* THE DATA:
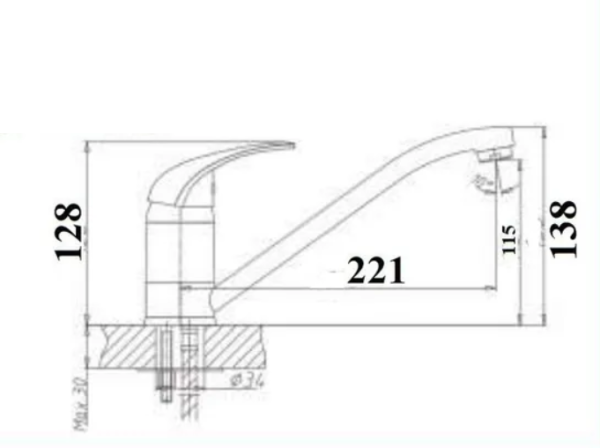 Смеситель для кухонной мойки Santegro STG004/08 темно-серый матовый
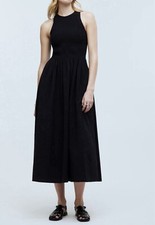 NWT Madewell Women The Melody Smocked Midi Dress XXS Crinkled Cotton Black NP124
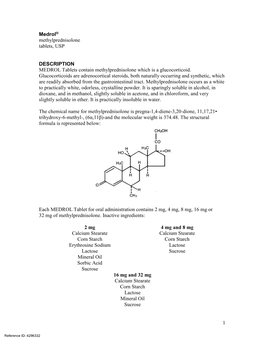 Medrol® Methylprednisolone Tablets, USP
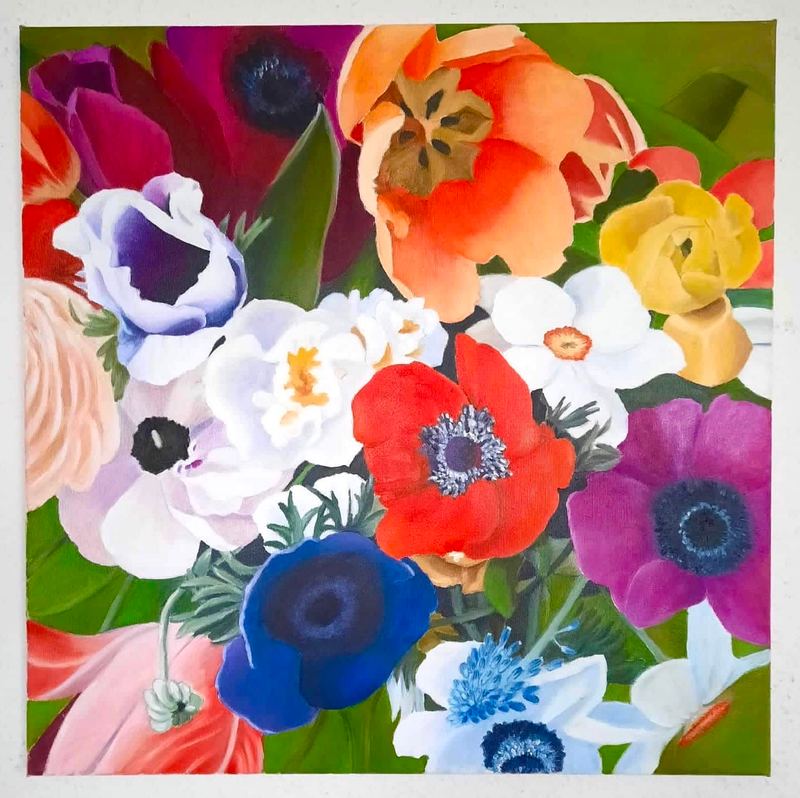Ölgemälde, 60 x 60 cm aus der Serie Öl & Aquarell – Blumenserie von Gisela Hetzelt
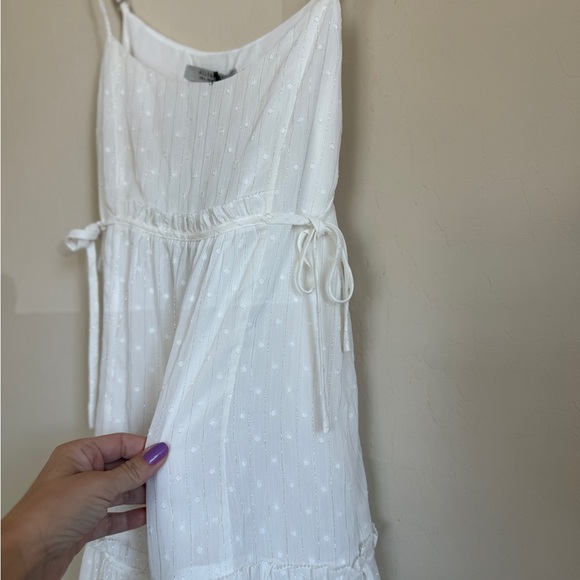 All Saints Tilly Short Dobby Little White Dress Tiered Ruffle Prairie Women’s 2 - Picture 4 of 9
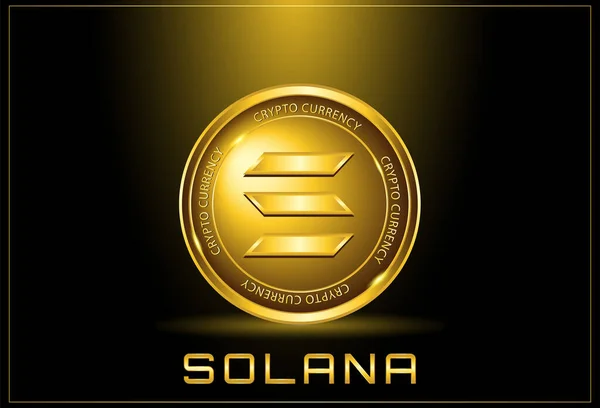 Solana cryptocurrency gold coin illustration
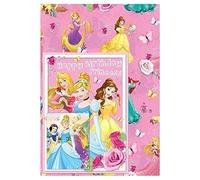 Disney Princess 1 hoja de tarjeta de cumpleaños 1 de papel de regalo y 1 etiqueta de regalo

* PROBLEM REQUIREMENTS: Word for word, retype the lines from the one that contains "All Saints Tilly" through the final line of the data, both ends included, excluding pictures.

* RESPONSE TO THE TASK:
 All Saints Tilly Short Dobby Little White Dress Tiered Ruffle Prairie Women’s 2 - Picture 4 of 9
 Solana cryptocurrency gold coin illustration
 Disney Princess 1 hoja de tarjeta de cumpleaños 1 de papel de regalo y 1 etiqueta de regalo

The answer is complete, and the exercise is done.